▸ TASK INSTRUCTIONS: Your copy of the entries below should hold exactly the lines from the one containing "Carrot Fruit Or Vegetable" to the one containing "Meanderlaan 21 Tholen thumbnail 49", inclusive, and no pictures.

▸ PROVIDED DATA:

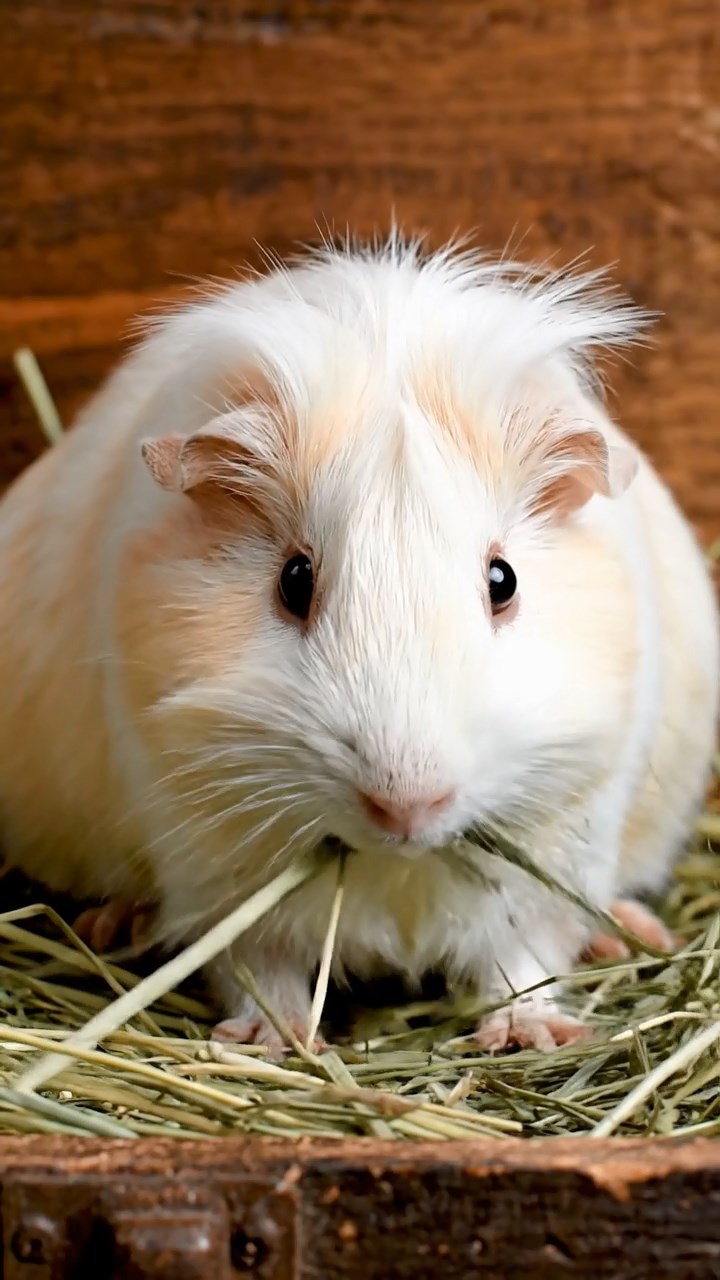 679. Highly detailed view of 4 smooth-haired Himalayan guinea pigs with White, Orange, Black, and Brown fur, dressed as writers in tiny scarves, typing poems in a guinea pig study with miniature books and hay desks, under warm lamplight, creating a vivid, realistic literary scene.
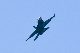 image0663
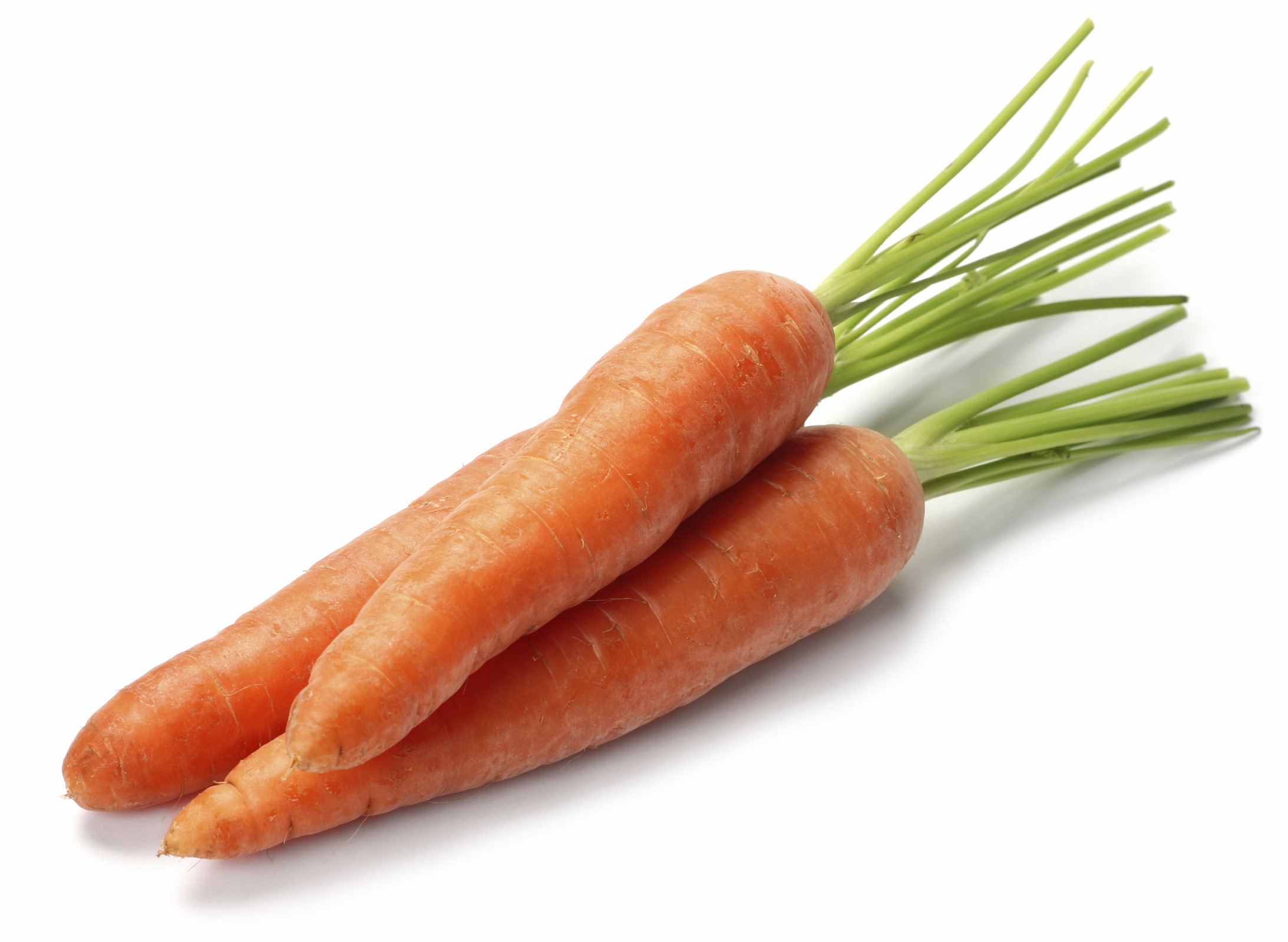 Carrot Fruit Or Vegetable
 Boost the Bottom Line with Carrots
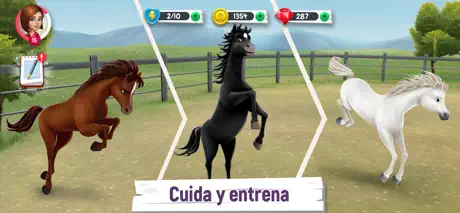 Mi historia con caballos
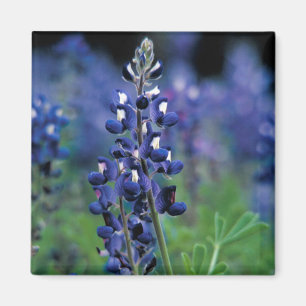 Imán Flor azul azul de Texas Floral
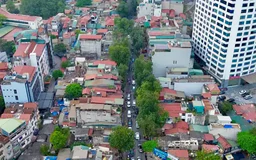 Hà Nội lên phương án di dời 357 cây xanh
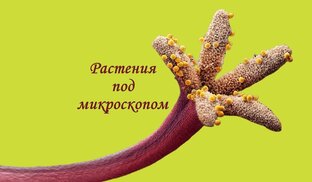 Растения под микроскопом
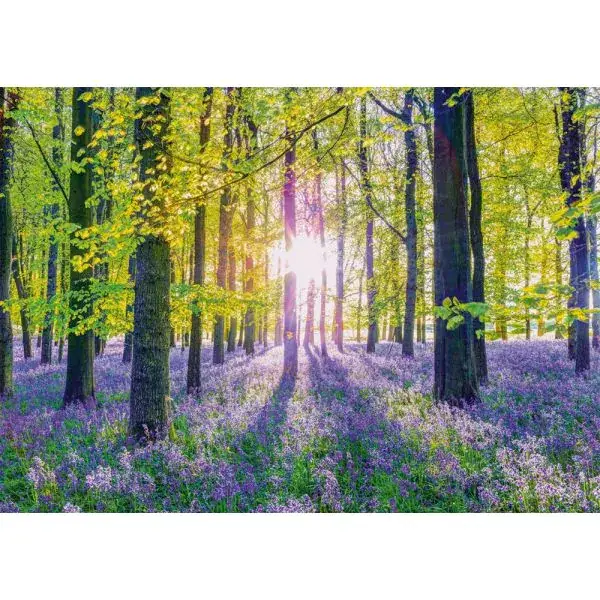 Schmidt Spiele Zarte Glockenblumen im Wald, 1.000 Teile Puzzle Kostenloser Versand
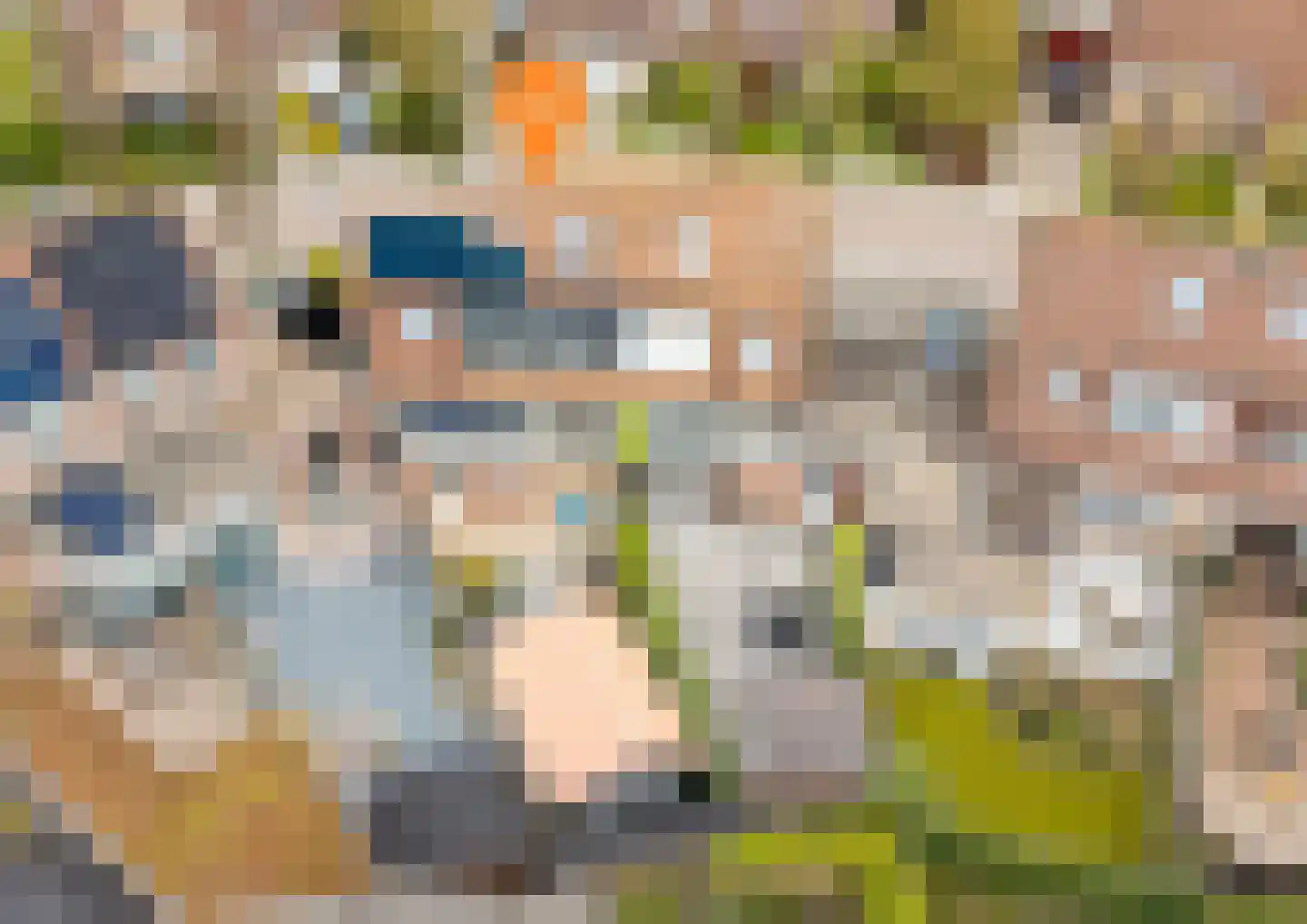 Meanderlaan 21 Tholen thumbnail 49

* * *

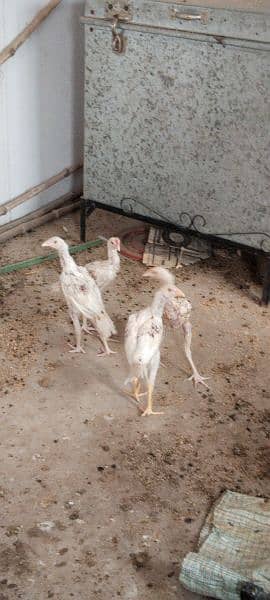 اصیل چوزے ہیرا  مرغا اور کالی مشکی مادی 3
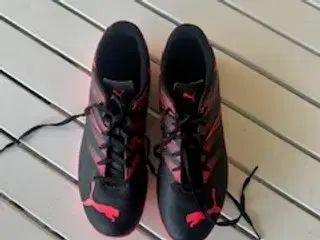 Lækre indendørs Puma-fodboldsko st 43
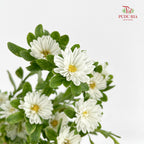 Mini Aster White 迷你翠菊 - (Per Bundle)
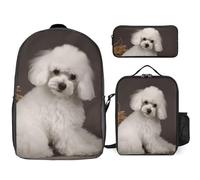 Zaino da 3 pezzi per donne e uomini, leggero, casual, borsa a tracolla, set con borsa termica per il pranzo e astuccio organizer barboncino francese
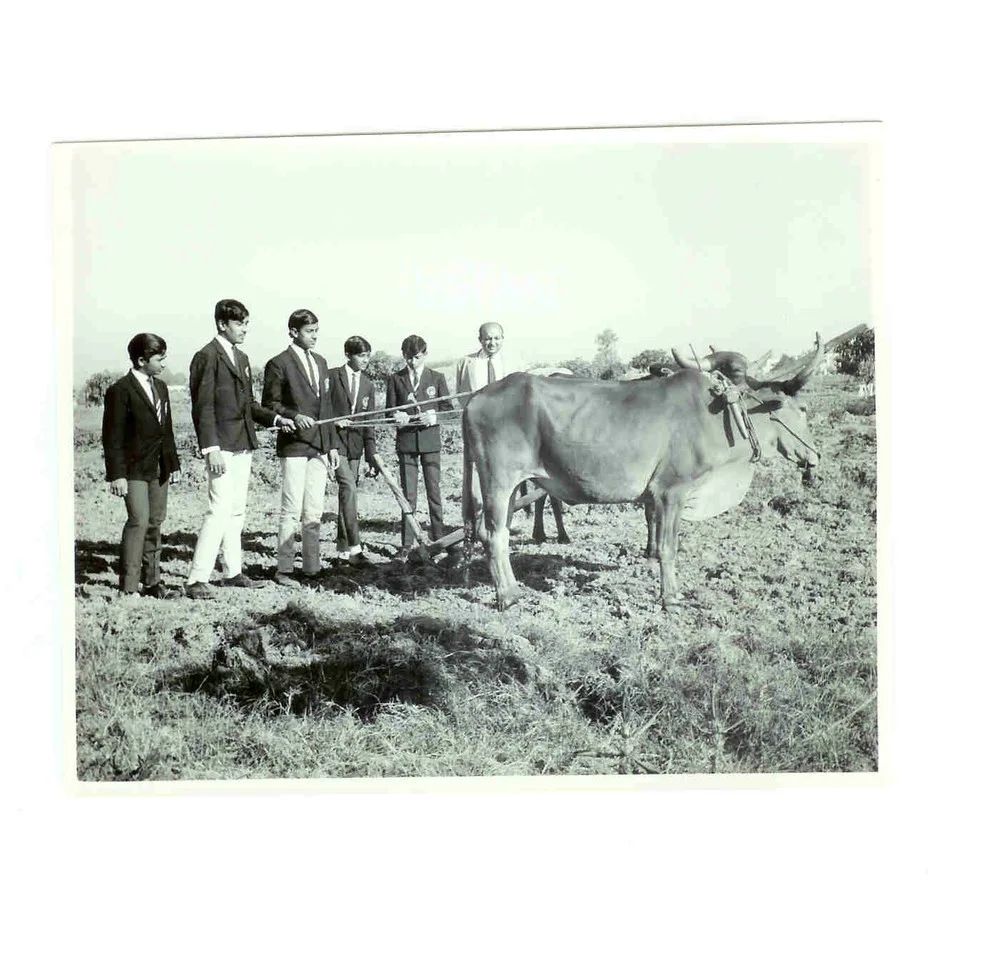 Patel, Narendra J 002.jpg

* * *

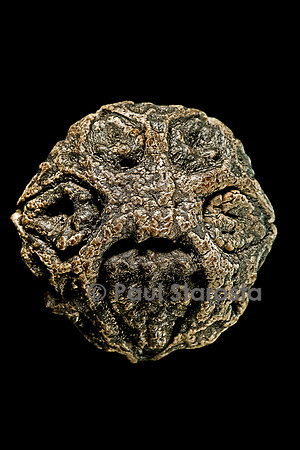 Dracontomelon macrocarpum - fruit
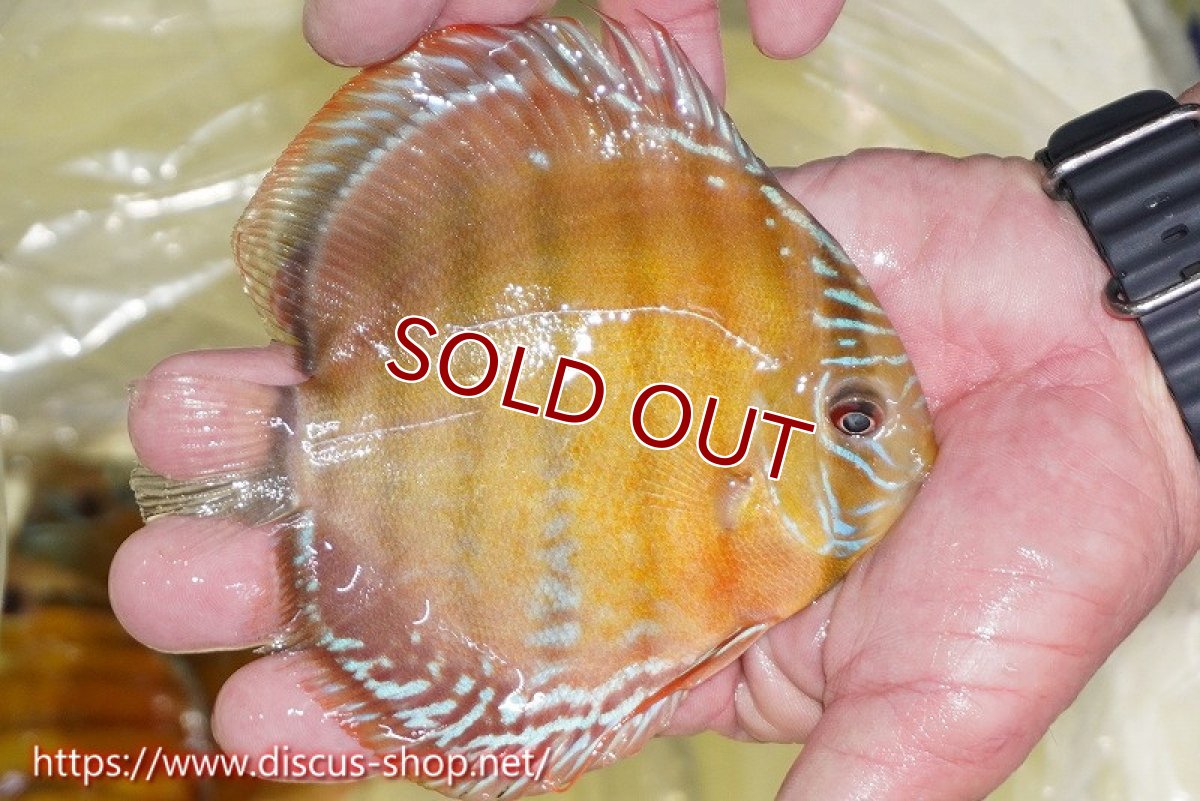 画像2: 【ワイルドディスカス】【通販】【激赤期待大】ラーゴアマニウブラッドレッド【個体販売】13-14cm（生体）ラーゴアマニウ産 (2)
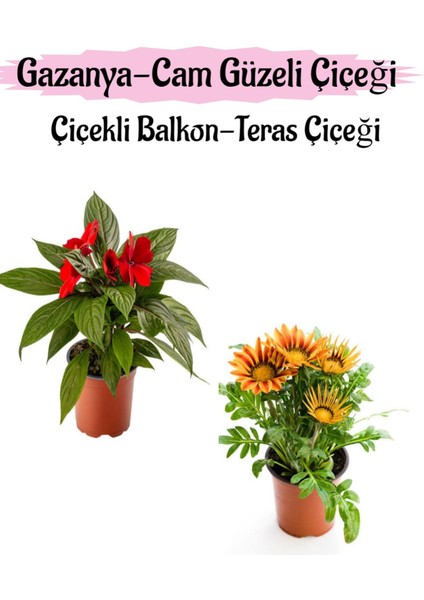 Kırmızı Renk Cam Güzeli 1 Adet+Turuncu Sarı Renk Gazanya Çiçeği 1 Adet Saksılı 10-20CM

▸ WRITTEN SOLUTION:
 Carrot Fruit Or Vegetable
 Boost the Bottom Line with Carrots
 Mi historia con caballos
 Imán Flor azul azul de Texas Floral
 Hà Nội lên phương án di dời 357 cây xanh
 Растения под микроскопом
 Schmidt Spiele Zarte Glockenblumen im Wald, 1.000 Teile Puzzle Kostenloser Versand
 Meanderlaan 21 Tholen thumbnail 49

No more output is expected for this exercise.